--- WORK REQUEST ---
Read through the entries below and copy each line where "concept" turns up.

-- Opening Marker --

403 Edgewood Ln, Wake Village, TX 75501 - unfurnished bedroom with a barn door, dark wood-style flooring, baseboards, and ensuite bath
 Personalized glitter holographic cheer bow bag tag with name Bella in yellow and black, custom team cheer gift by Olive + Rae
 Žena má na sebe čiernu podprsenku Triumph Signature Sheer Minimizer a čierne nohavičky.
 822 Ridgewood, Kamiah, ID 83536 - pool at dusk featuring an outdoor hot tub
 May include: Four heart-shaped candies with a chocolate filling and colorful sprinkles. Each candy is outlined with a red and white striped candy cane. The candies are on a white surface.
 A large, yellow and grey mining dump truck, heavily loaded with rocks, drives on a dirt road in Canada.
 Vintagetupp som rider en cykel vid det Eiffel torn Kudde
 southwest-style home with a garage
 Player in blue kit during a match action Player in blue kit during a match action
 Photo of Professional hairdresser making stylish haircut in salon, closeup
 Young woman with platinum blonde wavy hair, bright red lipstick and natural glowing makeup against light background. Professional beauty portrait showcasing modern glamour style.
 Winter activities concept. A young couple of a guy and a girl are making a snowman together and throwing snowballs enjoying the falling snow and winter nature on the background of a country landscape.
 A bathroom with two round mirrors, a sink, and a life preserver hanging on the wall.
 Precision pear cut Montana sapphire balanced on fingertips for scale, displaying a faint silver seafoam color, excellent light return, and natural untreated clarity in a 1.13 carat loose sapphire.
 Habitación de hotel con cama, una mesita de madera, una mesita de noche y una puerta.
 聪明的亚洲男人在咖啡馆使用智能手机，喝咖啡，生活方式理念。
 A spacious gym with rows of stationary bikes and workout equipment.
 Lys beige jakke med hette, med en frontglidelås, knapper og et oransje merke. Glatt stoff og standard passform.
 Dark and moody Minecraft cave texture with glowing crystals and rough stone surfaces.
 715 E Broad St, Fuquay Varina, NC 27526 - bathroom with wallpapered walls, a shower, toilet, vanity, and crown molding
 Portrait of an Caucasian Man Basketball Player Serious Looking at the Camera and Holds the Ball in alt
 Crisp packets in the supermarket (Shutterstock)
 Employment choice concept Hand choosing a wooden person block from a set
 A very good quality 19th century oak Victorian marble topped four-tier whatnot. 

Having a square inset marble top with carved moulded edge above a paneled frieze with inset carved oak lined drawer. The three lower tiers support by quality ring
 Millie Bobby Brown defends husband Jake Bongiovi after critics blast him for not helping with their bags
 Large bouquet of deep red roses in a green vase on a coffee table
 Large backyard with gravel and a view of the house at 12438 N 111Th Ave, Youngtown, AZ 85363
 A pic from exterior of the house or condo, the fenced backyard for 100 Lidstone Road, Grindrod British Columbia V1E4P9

-- Closing Marker --

--- OUTPUT FOR THIS EXERCISE ---
 Winter activities concept. A young couple of a guy and a girl are making a snowman together and throwing snowballs enjoying the falling snow and winter nature on the background of a country landscape.
 Employment choice concept Hand choosing a wooden person block from a set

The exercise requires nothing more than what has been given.